December 21, 2004 at 2:43 am
Greetings all.
Been a while since I have been here.
I have been given the task of buying a SAN.
Need some reccomendations. I am going through all the "normals" like Dell, HP, IBM etc.
I am looking for growth capability. I am starting with around 150GB required but am expected to grow to over a TB within a year and continue along that rate.
I am looking at mid range up. I would rather spend the extra now than have a paper weight or mp3 server in a years time.
Any suggestions?
Cheers,
Crispin
Cheers,CrispinI can't die, there are too many people who still have to meet me!It's not a bug, SQL just misunderstood me!
December 21, 2004 at 3:19 am
Heja, nice to see you back here
What about EMC?
--
Frank Kalis
Microsoft SQL Server MVP
Webmaster: http://www.insidesql.org/blogs
My blog: http://www.insidesql.org/blogs/frankkalis/[/url]
December 21, 2004 at 3:27 am
Actually interesting. I know that EMC is perceived as the father of SAN but....
At my previous company we had the DB (5TB) on an EMC SAN. It performed well.
We then ended up moving it off EMC and onto a Hitachi SAN for two reasons.

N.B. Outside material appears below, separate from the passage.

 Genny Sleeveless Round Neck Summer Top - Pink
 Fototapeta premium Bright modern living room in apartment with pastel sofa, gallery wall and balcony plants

1) Cost: Cost / GB was quite a bit cheaper (Can't remember the exact differance)
2) Speed: Doing a test before and after the move ON THE EXACT SAME DATA with cold cache both times, single users etc, the Hitachi performed ±30% faster. Tests were Deletes, Updates, Large Joins etc.
So far, I have looked at Dell and find them to be ok. Problem is call them. I could not understand the salesman. They all in India. When I ased "Can it be scaled" he said yes. When I said "So scaling not possible" he also said yes.
HP Looks promising now. HP: Hopefully perform
Crispin
Cheers,CrispinI can't die, there are too many people who still have to meet me!It's not a bug, SQL just misunderstood me!
December 21, 2004 at 3:34 am
So far, I have looked at Dell and find them to be ok. Problem is call them. I could not understand the salesman. They all in India. When I ased "Can it be scaled" he said yes. When I said "So scaling not possible" he also said yes.
Now, isn't it fun to have outsourcing? You had a look here? http://www1.euro.dell.com/content/default.aspx?c=uk&l=en&s=gen&~ck=bt
Btw, you really shouldn't talk to a salesman, but rather a technician. The likelihood that the latter knows what he's talking about is higher by order of magnitude.
--
Frank Kalis
Microsoft SQL Server MVP
Webmaster: http://www.insidesql.org/blogs
My blog: http://www.insidesql.org/blogs/frankkalis/[/url]
December 21, 2004 at 3:41 am
IT WAS A TECHNICIAN!
The salesman said "We do not stock PDA by that name" she then passed me onto the technician. oh well......
Cheers,CrispinI can't die, there are too many people who still have to meet me!It's not a bug, SQL just misunderstood me!
December 21, 2004 at 3:58 am
IT WAS A TECHNICIAN!
Sorry about that! In that case using punch-cards might be the better alternative
--
Frank Kalis
Microsoft SQL Server MVP
Webmaster: http://www.insidesql.org/blogs
My blog: http://www.insidesql.org/blogs/frankkalis/[/url]
December 21, 2004 at 4:25 am
Problem with that would be the backing up? Photocopy them?
Actually, off site backups would be easy. I could just fax them to you.
ok - Seems like Dell it is. They have a nice bundle for £10k. Which includes 5 disks (Up to 14), extra HBA,
fibre switch etc.
Cheers,CrispinI can't die, there are too many people who still have to meet me!It's not a bug, SQL just misunderstood me!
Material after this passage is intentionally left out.